3. L’ambiente borghese e l’arte come trappola
De Palma ambienta spesso i suoi film tra artisti, attori, fotografi;
Argento colloca la violenza in ambienti culturali (ballerine, scrittori, architetti) ; Vanzina ambienta il suo film nel mondo della moda, dove l’arte del corpo diventa una forma di schiavitù.

4. Differenze sostanziali dal punto di vista della regia
De Palma usa split screen, slow motion, tracking shots elaboratissimi. Il suo cinema è ipercinetico e autoreferenziale;
Argento crea piani sequenza mozzafiato, luci irreali, montaggi frenetici; Vanzina opta per uno stile sobrio, televisivo, meno visionario, ma visivamente curato. È più interessato all’impatto commerciale che alla sperimentazione.
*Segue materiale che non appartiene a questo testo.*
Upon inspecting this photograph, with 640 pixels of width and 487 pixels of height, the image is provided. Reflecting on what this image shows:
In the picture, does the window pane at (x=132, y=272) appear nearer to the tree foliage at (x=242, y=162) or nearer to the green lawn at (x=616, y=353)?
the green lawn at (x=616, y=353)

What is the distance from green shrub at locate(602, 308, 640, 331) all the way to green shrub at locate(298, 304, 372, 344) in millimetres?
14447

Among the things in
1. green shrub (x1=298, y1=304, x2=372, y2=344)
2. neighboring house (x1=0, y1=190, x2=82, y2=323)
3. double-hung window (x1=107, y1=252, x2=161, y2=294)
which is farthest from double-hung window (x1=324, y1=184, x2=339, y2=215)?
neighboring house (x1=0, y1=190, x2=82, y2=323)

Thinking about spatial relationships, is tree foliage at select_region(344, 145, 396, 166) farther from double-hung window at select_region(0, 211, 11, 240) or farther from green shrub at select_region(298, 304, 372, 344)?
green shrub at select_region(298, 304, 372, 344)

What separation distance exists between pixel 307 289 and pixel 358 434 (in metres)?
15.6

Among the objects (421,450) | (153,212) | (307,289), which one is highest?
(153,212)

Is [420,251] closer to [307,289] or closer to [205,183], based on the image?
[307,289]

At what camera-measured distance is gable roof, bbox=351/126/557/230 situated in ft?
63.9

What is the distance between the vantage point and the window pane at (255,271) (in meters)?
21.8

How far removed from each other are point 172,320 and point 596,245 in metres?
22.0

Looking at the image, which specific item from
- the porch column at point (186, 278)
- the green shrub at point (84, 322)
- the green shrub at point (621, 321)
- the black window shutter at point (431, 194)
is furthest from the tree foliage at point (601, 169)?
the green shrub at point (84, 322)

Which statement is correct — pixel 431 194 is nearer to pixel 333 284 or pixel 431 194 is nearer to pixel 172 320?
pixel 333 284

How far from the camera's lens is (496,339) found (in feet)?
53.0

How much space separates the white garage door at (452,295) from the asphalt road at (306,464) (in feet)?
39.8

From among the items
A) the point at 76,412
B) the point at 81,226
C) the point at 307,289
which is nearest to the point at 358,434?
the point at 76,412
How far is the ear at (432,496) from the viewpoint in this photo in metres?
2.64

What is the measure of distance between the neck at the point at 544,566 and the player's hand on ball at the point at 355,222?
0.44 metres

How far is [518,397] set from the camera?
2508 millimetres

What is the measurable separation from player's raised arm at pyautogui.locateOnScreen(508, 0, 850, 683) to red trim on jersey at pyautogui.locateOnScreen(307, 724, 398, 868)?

I film di De Palma e Argento creano disagio, tensione, senso del perturbante,
“Sotto il vestito niente” invece genera una tensione più superficiale, spesso estetizzata, è più vicino a un thriller patinato che a un horror psicologico.
Non ha la profondità visionaria di “Vestito per uccidere” né il surrealismo violento di “Profondo rosso”, per quanto Vanzina, nel film, si rifaccia al Dario Argento di “Inferno", ma riporta quegli stessi temi nel mondo della moda, offrendo una lettura contemporanea e pop del thriller d’identità e d'inganno.
Il film non è un capolavoro formale, troppe “le citazioni” sia a De Palma, sia ad Argento, sia ad Hitchcock, ma è uno specchio, mentre De Palma e Argento riflettono sulla percezione e sull’inconscio, Vanzina riflette, spesso inconsciamente, su un'Italia che vive nel culto dell’apparenza.
Ed è questa “incoscienza” la sua cifra stilistica, che poi è la stessa di questo Paese.

Ps: Renée Simonsen all’epoca era fidanzata con John Taylor, bassista dei Duran Duran, e il suo ruolo da protagonista, assoluta, nel film testimonia quanto fosse alta la sua popolarità di modella. Nicola Perring contribuì, non poco, alla diffusione del biondo platino e di un taglio, rasato, maschile, che scardinò per sempre l'idea di una femminilità solo onde o piastra. Era talmente bella da essere un desiderio erotico metrosexual, al punto di doverla fermare per sempre. Franco Moschino fu l’unico stilista a collaborare con Vanzina, gli altri si defilarono. Enrico Lucherini, scomparso da poco, curò il lancio del film. Il commissario Danesi, interpretato da Donald Pleasence, invece diede il via alle serie televisive sui commissari, al punto da fare diventare i libri, che dei commissari ci parlano, casi letterari, a prescindere.
Insomma il film tiene ancora banco, dopo tutto.